■ **RECORDS FOR THE EXERCISE**
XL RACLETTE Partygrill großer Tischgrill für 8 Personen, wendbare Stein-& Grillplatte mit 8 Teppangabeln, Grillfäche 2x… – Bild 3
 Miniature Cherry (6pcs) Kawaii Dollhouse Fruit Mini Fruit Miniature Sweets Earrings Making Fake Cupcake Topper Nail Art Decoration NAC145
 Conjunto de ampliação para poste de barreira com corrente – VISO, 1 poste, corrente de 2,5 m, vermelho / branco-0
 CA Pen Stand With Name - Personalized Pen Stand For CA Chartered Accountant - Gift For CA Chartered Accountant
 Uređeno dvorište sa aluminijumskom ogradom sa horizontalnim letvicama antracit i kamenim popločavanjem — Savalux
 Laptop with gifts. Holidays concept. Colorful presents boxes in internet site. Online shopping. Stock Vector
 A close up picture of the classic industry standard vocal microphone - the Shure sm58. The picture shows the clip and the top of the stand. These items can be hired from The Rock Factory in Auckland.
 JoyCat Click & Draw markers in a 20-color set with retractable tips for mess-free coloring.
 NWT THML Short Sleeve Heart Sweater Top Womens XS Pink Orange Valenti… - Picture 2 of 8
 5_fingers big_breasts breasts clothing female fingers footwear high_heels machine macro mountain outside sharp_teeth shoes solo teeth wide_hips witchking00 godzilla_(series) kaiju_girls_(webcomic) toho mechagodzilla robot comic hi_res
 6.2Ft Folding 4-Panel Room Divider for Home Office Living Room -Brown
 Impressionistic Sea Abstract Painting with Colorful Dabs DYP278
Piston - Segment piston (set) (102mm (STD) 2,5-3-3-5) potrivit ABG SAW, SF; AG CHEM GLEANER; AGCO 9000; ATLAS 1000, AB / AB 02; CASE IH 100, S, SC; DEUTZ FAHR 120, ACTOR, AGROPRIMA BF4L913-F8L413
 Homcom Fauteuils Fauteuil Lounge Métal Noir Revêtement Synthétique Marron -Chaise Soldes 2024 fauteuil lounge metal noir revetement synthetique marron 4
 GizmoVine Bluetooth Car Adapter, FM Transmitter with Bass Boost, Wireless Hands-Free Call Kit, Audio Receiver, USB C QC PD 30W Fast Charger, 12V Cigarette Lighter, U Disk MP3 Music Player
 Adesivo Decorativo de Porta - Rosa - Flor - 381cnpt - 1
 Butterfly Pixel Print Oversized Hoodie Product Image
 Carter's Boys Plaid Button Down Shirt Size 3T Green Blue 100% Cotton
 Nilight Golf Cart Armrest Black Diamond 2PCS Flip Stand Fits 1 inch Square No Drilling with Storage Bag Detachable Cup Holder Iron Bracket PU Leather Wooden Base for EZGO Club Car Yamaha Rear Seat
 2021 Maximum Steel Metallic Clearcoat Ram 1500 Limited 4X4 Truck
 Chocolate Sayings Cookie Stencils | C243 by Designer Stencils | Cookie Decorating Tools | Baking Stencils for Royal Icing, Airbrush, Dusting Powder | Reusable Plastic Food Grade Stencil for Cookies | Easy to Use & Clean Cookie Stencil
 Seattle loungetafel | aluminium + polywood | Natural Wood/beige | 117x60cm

■ **TASK INSTRUCTIONS**
The answer must be a word-for-word transcription of every record above.

■ **ANSWER AREA**
XL RACLETTE Partygrill großer Tischgrill für 8 Personen, wendbare Stein-& Grillplatte mit 8 Teppangabeln, Grillfäche 2x… – Bild 3
 Miniature Cherry (6pcs) Kawaii Dollhouse Fruit Mini Fruit Miniature Sweets Earrings Making Fake Cupcake Topper Nail Art Decoration NAC145
 Conjunto de ampliação para poste de barreira com corrente – VISO, 1 poste, corrente de 2,5 m, vermelho / branco-0
 CA Pen Stand With Name - Personalized Pen Stand For CA Chartered Accountant - Gift For CA Chartered Accountant
 Uređeno dvorište sa aluminijumskom ogradom sa horizontalnim letvicama antracit i kamenim popločavanjem — Savalux
 Laptop with gifts. Holidays concept. Colorful presents boxes in internet site. Online shopping. Stock Vector
 A close up picture of the classic industry standard vocal microphone - the Shure sm58. The picture shows the clip and the top of the stand. These items can be hired from The Rock Factory in Auckland.
 JoyCat Click & Draw markers in a 20-color set with retractable tips for mess-free coloring.
 NWT THML Short Sleeve Heart Sweater Top Womens XS Pink Orange Valenti… - Picture 2 of 8
 5_fingers big_breasts breasts clothing female fingers footwear high_heels machine macro mountain outside sharp_teeth shoes solo teeth wide_hips witchking00 godzilla_(series) kaiju_girls_(webcomic) toho mechagodzilla robot comic hi_res
 6.2Ft Folding 4-Panel Room Divider for Home Office Living Room -Brown
 Impressionistic Sea Abstract Painting with Colorful Dabs DYP278
Piston - Segment piston (set) (102mm (STD) 2,5-3-3-5) potrivit ABG SAW, SF; AG CHEM GLEANER; AGCO 9000; ATLAS 1000, AB / AB 02; CASE IH 100, S, SC; DEUTZ FAHR 120, ACTOR, AGROPRIMA BF4L913-F8L413
 Homcom Fauteuils Fauteuil Lounge Métal Noir Revêtement Synthétique Marron -Chaise Soldes 2024 fauteuil lounge metal noir revetement synthetique marron 4
 GizmoVine Bluetooth Car Adapter, FM Transmitter with Bass Boost, Wireless Hands-Free Call Kit, Audio Receiver, USB C QC PD 30W Fast Charger, 12V Cigarette Lighter, U Disk MP3 Music Player
 Adesivo Decorativo de Porta - Rosa - Flor - 381cnpt - 1
 Butterfly Pixel Print Oversized Hoodie Product Image
 Carter's Boys Plaid Button Down Shirt Size 3T Green Blue 100% Cotton
 Nilight Golf Cart Armrest Black Diamond 2PCS Flip Stand Fits 1 inch Square No Drilling with Storage Bag Detachable Cup Holder Iron Bracket PU Leather Wooden Base for EZGO Club Car Yamaha Rear Seat
 2021 Maximum Steel Metallic Clearcoat Ram 1500 Limited 4X4 Truck
 Chocolate Sayings Cookie Stencils | C243 by Designer Stencils | Cookie Decorating Tools | Baking Stencils for Royal Icing, Airbrush, Dusting Powder | Reusable Plastic Food Grade Stencil for Cookies | Easy to Use & Clean Cookie Stencil
 Seattle loungetafel | aluminium + polywood | Natural Wood/beige | 117x60cm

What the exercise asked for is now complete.